Musi być dobra wola z obu stron, by to, co się wydarzyło, nie przekreśliło tych wszystkich dobrych wyników współpracy z kilku ostatnich lat. Budowane były dwustronne relacje na wielu płaszczyznach, również naukowych i artystycznych
— powiedział dr Mateusz Szpytma, zastępca prezesa IPN i członek zespołu do spraw dialogu historycznego z Izraelem. W rozmowie z Marcinem Fijołkiem w telewizji wPolsce.pl mówił o trudnościach i wyzwaniach związanych z naprawą relacji polsko-izraelskich.
Czytaj więcej: Premier powołał zespół ds. dialogu prawno-historycznego z Izraelem. Jego członkiem został Bronisław Wildstein
Wiceprezes IPN przyznał, że choć relacje z Izraelem układały się ostatnio dość pomyślnie, to jednak nie miał złudzeń, że to będzie coś trwałego.

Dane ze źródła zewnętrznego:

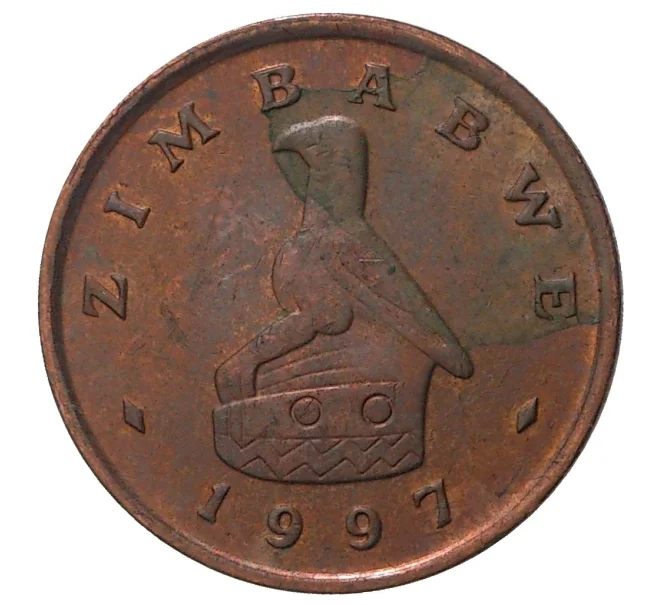 Монета 1 цент 1997 года Зимбабве (Артикул M2-41021)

Wiedziałem, że nie będzie to stabilne. Wszystko było budowane na dość kruchym lodzie, ale starań było bardzo dużo. Mamy tyle wspólnej historii - zarówno dobrej, jak i złej, tyle nas łączy, że trzeba było te wysiłki podejmować. Z obu stron powinny płynąć gesty łagodzące obecny spór
— ocenił.
Dr Szpytma przyznał, że emocje zaszły za daleko, co znacznie utrudnia dialog.
Trudno jest odpuścić - zarówno nam, jak i im. Sytuacja jest bardzo nieciekawa
— mówił.
Według niego zespół, którego jest członkiem, będzie mógł się zająć na poziomie eksperckim dogłębną analizą tego, co się wydarzyło wokół relacji polsko-izraelskich.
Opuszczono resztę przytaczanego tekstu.